I've got one of those amps. Little Vox mini-stack - does 4, 1 and 1/4 watt - and I've used it on recordings before, but generally on the 1 or 4 watt settings.
I've been through the very low wattage amp craze (though nothing as low as 1 or 1/4 watt kind of stuff)...and I don't deny that you can get a decent tone out of those little amps, but it often ends up being like one basic tone that hits the sweet spot, but then there's the simple concept of moving air that those little amps just can't do.
I mean...might as well just use a pedal to create the "big amp crunch tone", and turn the amp volume way down on your bigger wattage amp...kinda the same effect, IMO.
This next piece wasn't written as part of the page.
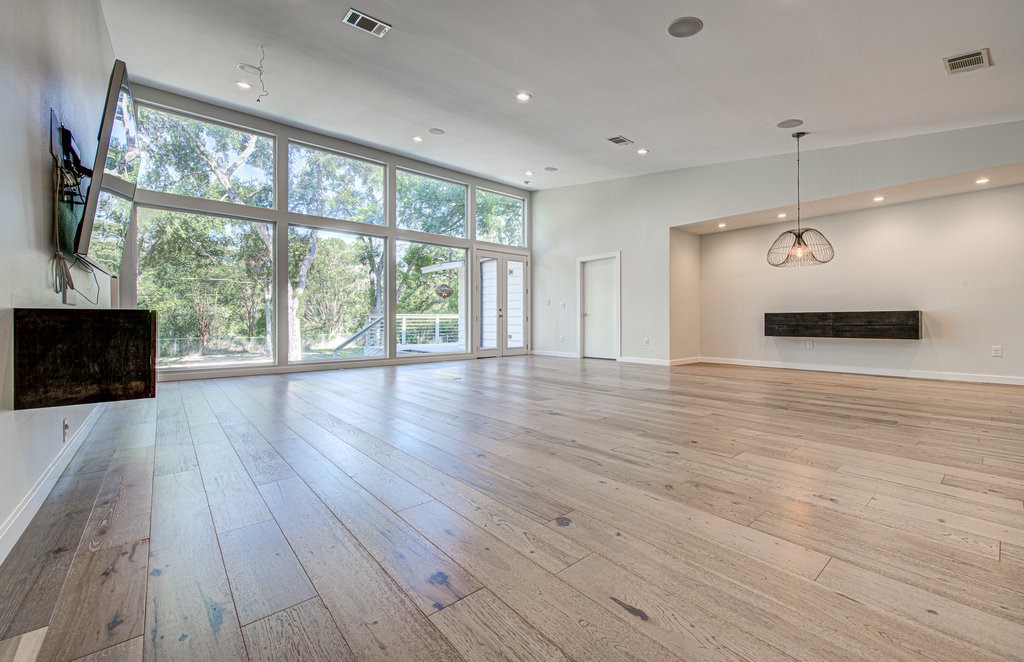 6106 Shoal Creek Boulevard , Austin, TX, 78757 | 6809055 | Realty Texas LLC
Not saying you can't get by without the speaker/cab contribution to tone...but I've totally gone in the opposite direction, and now like to track guitars LOUD, so that the speakers/cabs also come into play...and then you get a tone that is hard to match with a 1/4 amp or some DI/sim setup. Those tones can be OK...but when the speaker is chugging, you're in a different tone zone, and that's the tones that I've come to like best (YMMV/etc/etc).
You need like a bold 30W to 50W amp to really hit that "moving air" tone zone...and there's also something to be said for going with the bigger 100W amps. I thought I wouldn't need any 100W amps for pure studio work, and what I had, I got rid of several years ago...but now, my next amp will most likely be a 100W amp, just so I can add that to the tone color palette. I have a few in the 50W range...and a couple in that 25W range, but I always like the bigger amps more lately when tracking...so I figure, 100W is more than 50W...how can I go wrong with that?
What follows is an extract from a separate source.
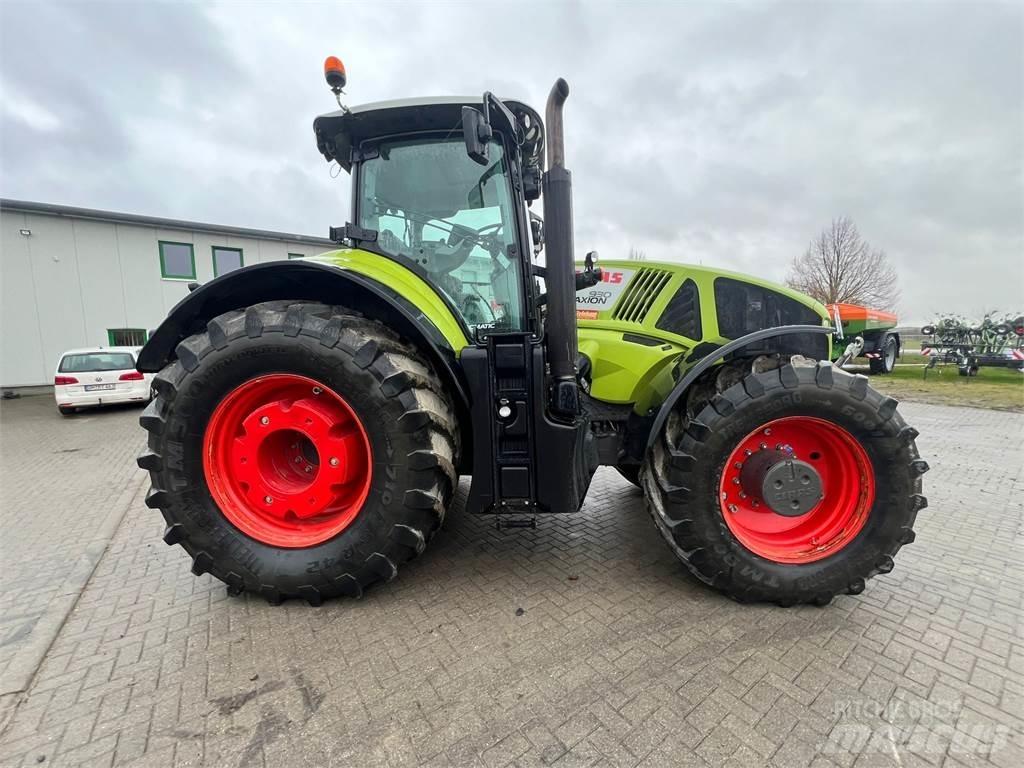 CLAAS Axion 930 Трактори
It's like the whole going to "11" thing.
Seriously though...no one should assume that in a studio setting, there is no need for loud amps.
Of course...if you have other issues (neighbors, sleeping babies)...then that's a different reason to go low.
Oh...I also agree with the notion that you can't do it all with 112 cabs in the studio. You gotta have at least a couple of big-box 212 cabs along with the 112 options...and a 412 wouldn't hurt, which I know Greg always use to also say here.
I had a sweet 412...which is another thing I got rid of several years ago...and kinda wish I hadn't...but I just got my Sour Mash 212 slant a few days ago...and it certainly makes me not miss the 412. Very sweet cab, solid build...Birch throughout (no plywood or particle board crap)...and it's as big as a compact 412. I mean, you could almost fit four 12" speakers in it side by side. It's got the dual 12s set up diagonally top to bottom. Great cab, I recommend the Sour Mash cabs to anyone looking for something custom built.